Furthermore, the article states that the settlement will guarantee "some of the most well-known lawyers in the country on athletes’ rights issues won’t be allowed to cross the NCAA in Washington. "
"The NCAA’s wishlist goes something like this: It wants a federal bill that will, first, preempt any and all state laws relating to college sports, and second, give the NCAA antitrust protections to shield it from future athlete pay lawsuits. Depending on how far the antitrust protections extend, the NCAA might even have the power to roll back some of the rights athletes have gained. The NCAA and Power 5 are also lobbying for a bill to include a provision prohibiting athletes from being deemed employees."
Compare those demands with the settlement terms as they stand now: The plaintiff lawyers, led by Steve Berman and Jeffrey Kessler, will be required to use “reasonable efforts” to support antitrust protections and the preemption of state laws that would protect the terms of the settlement.
"They also must take no position, and thus be neutral, in all instances and in all forums and venues, on the issue of whether student-athletes should be considered/deemed ‘employees’ or whether collective bargaining should be permitted for compensation of student-athletes.” The same goes for proposals that would give athletes more benefits beyond what the settlement allows.

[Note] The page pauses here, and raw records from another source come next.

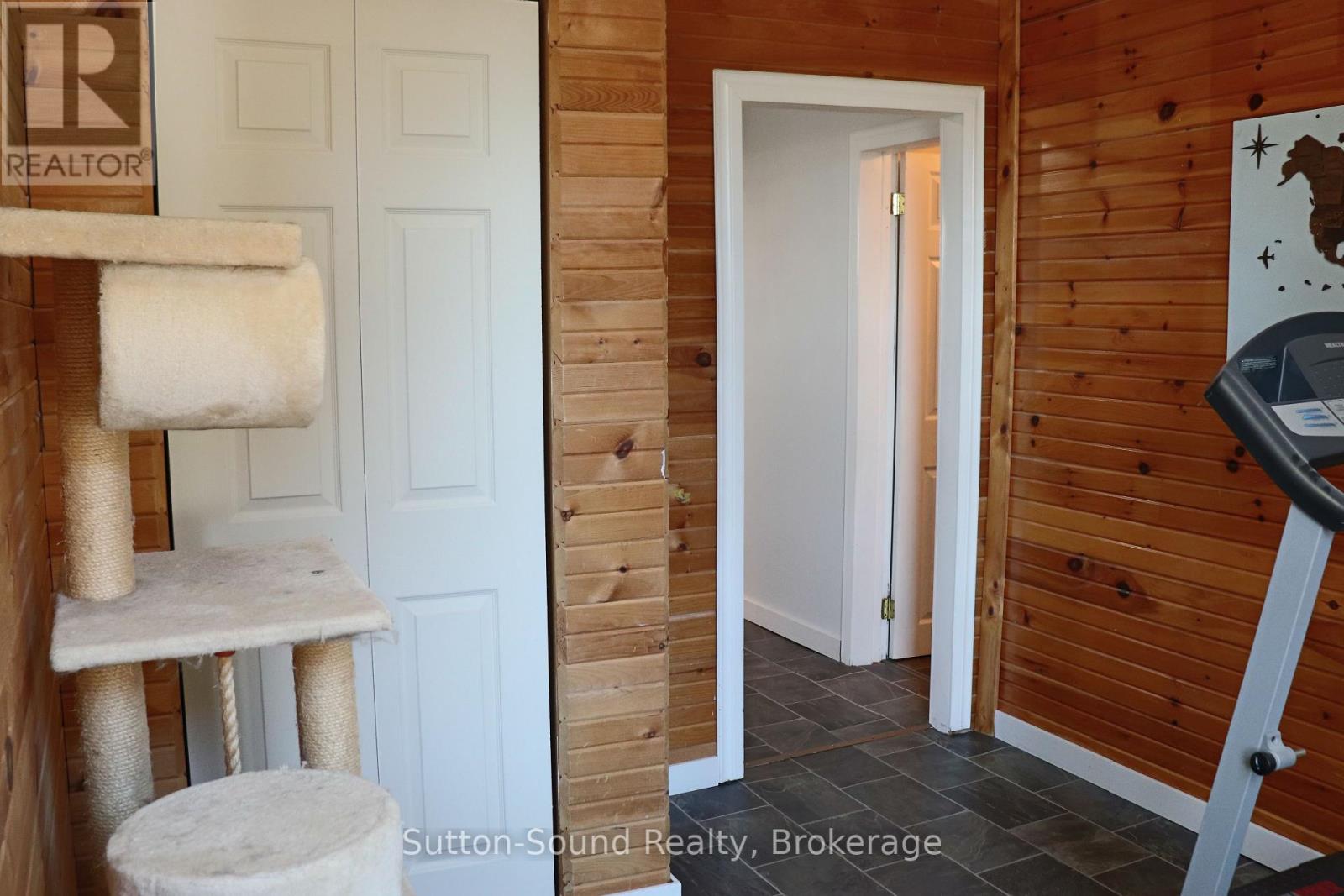 31 Yonge Street, Arran-Elderslie, Ontario  N0H 2N0 - Photo 39 - X12189932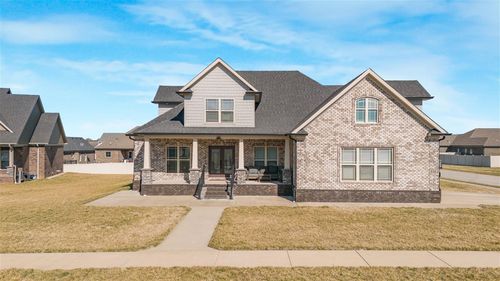 635 Montrose Dr, Bowling Green, KY, 42104-6002 | Card Image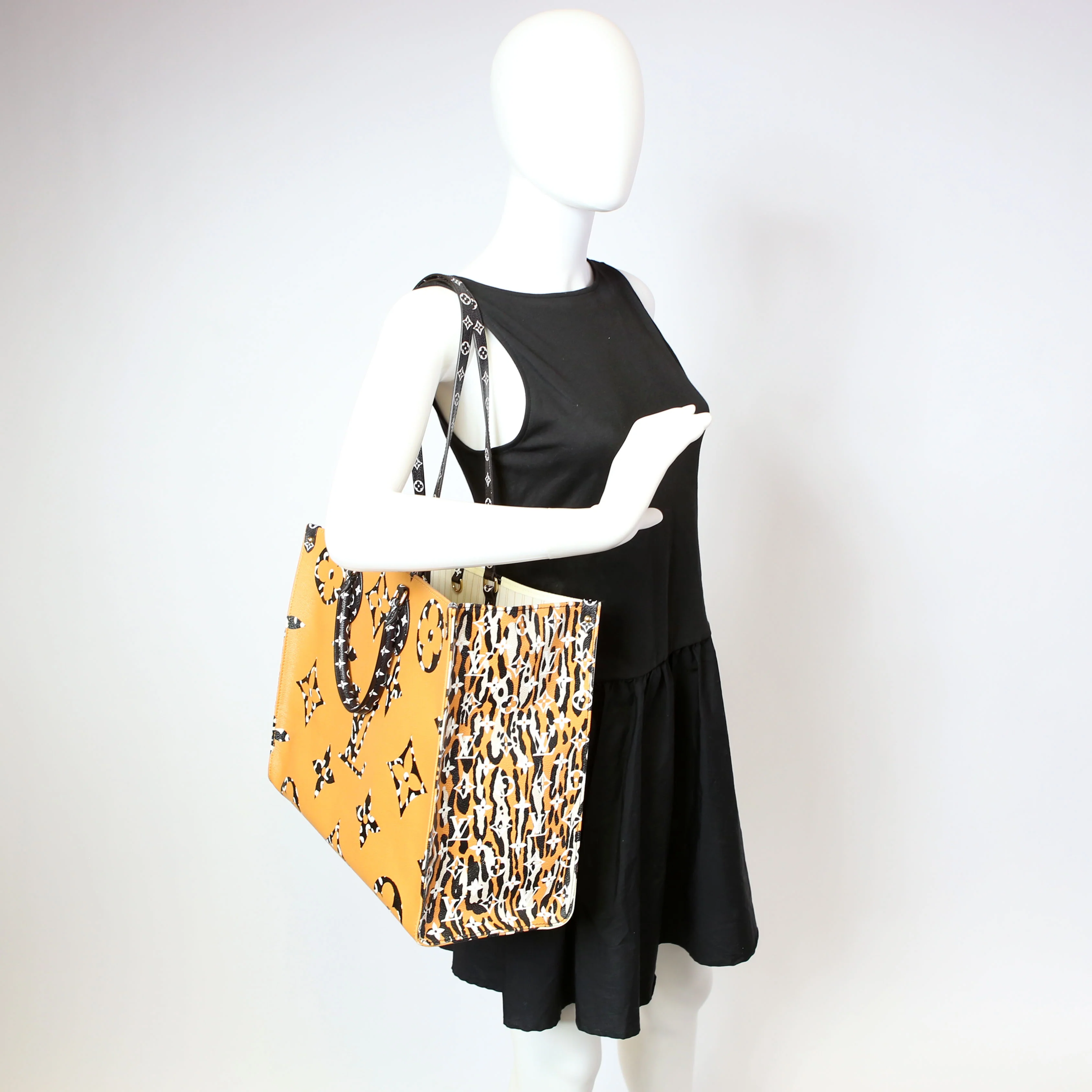ONTHEGO GM Giant Jungle Tote - Image 10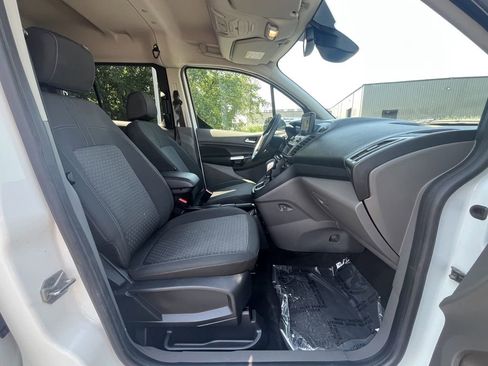 Used 2022 Ford Transit Connect XLT image 24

In a conversation with FOS last fall, Steve Berman, attorney for the plaintiffs, pushed back against the idea that the lobbying provision would force him to support the NCAA’s agenda. “If the NCAA asks us to, we will express our views to Congress that they should be free from future lawsuits that raise the same issues that were raised in our litigation,” he said. Issues raised in the litigation include revenue-sharing, expanding the definition of revenue-sharing, imposing limits on NIL collective deals, and eliminating scholarship limits.
“We will not comment on anything beyond that,” Berman said. “So whether the students should be considered employees, we won’t comment on that.” But notably, Berman and co-lead Jeff Kessler can’t publicly argue in favor of athlete employee status, either.

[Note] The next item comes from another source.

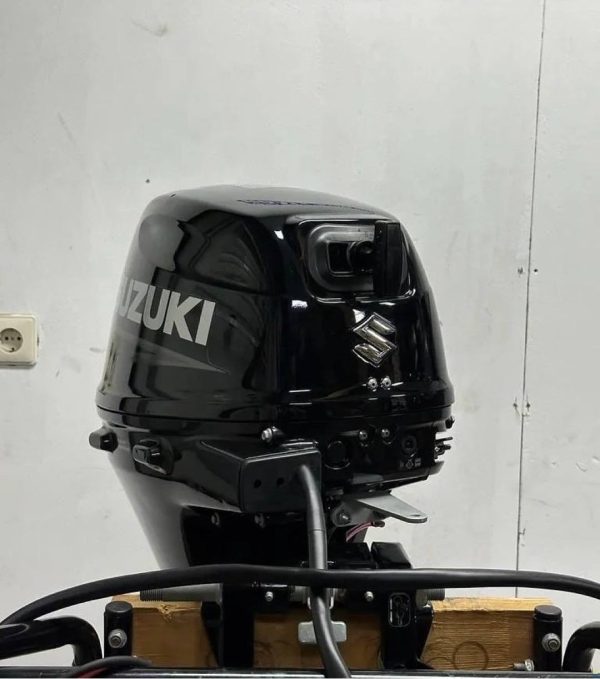 2020 Suzuki 9.9Hp 4 Stroke EFI Outboard - Image 3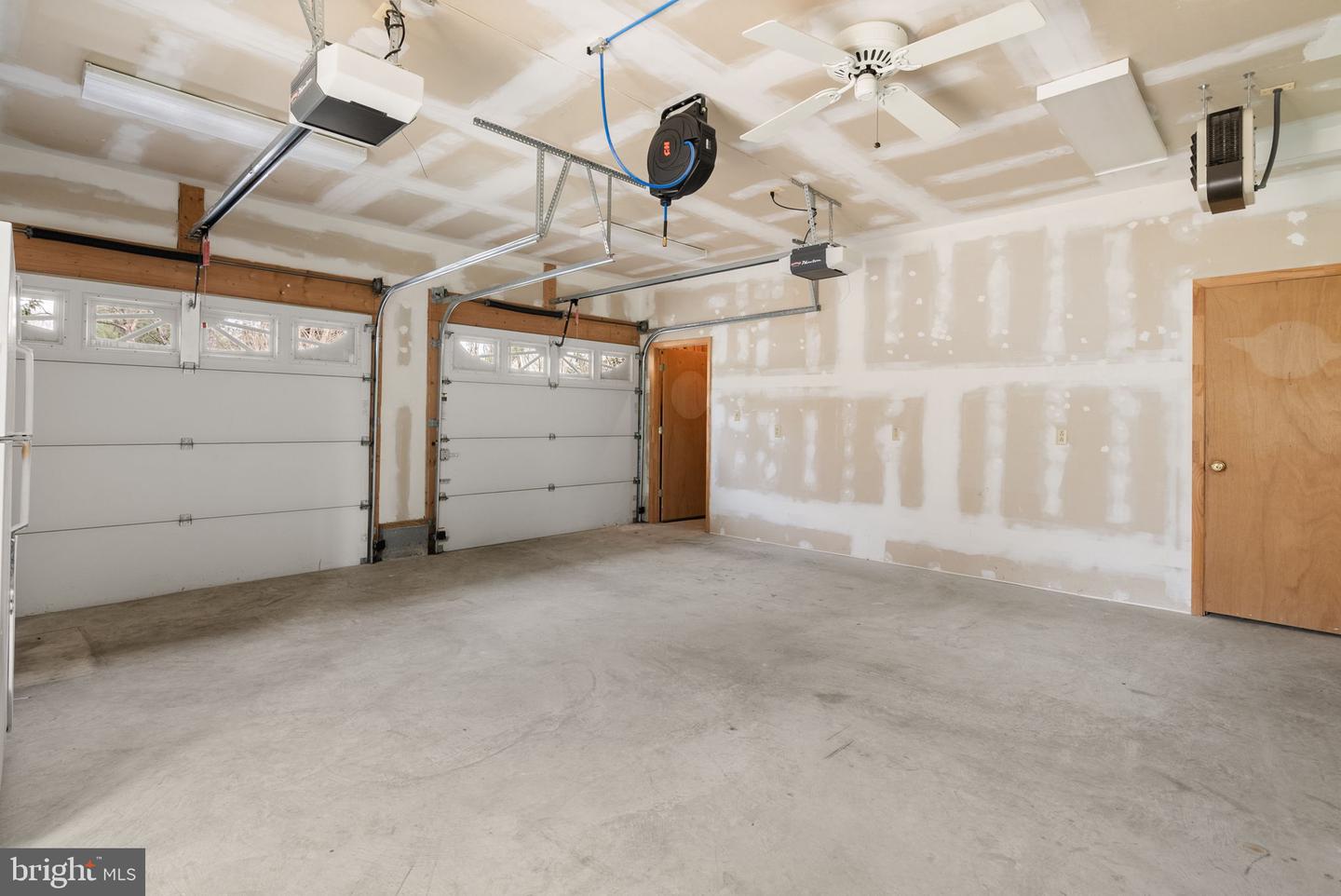 5820 Winegrove Ct Property Photo 63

The NCAA lobbyists have been working Republicans, who they deem "more amenable to their demands."
"Since Republicans swept both houses of Congress and the White House in November, the NCAA has ramped up lobbying efforts hoping that Republicans would be more amenable to their demands. Several lawmakers, including Senate Commerce Committee chairman Ted Cruz (R., Texas), are negotiating legislation to govern college athlete compensation. If and when the settlement is approved, the NCAA and commissioners will take it to Capitol Hill as part of this push (though it’s unclear how successful they’ll be).
"The lawyers who argued on athletes’ behalf are expected to be called on, whether in public hearings or private discussions, to advise lawmakers. “Class Counsels’ promise to become Defendants’ lobbying agents will likely carry great weight in Congress,” Ford writes. “This Court’s tacit approval of it may carry even greater weight.”

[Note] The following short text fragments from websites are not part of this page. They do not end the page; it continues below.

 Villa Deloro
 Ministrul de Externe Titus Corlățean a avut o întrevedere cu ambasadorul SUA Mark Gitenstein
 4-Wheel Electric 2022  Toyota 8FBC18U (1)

"Ford was the only objector to express these concerns at the final approval hearing on April 7. Ultimately, however, Judge Claudia Wilken said in a recent court order that the only remaining issue with the settlement was related to roster limits—and not lobbying."
As The Osceola has written, Judge Wilen' has only objected to reducing roster limits on three different occassions but this is the first I've read about the No Lobbying provision.
What are your thoughts? How do you feel about that?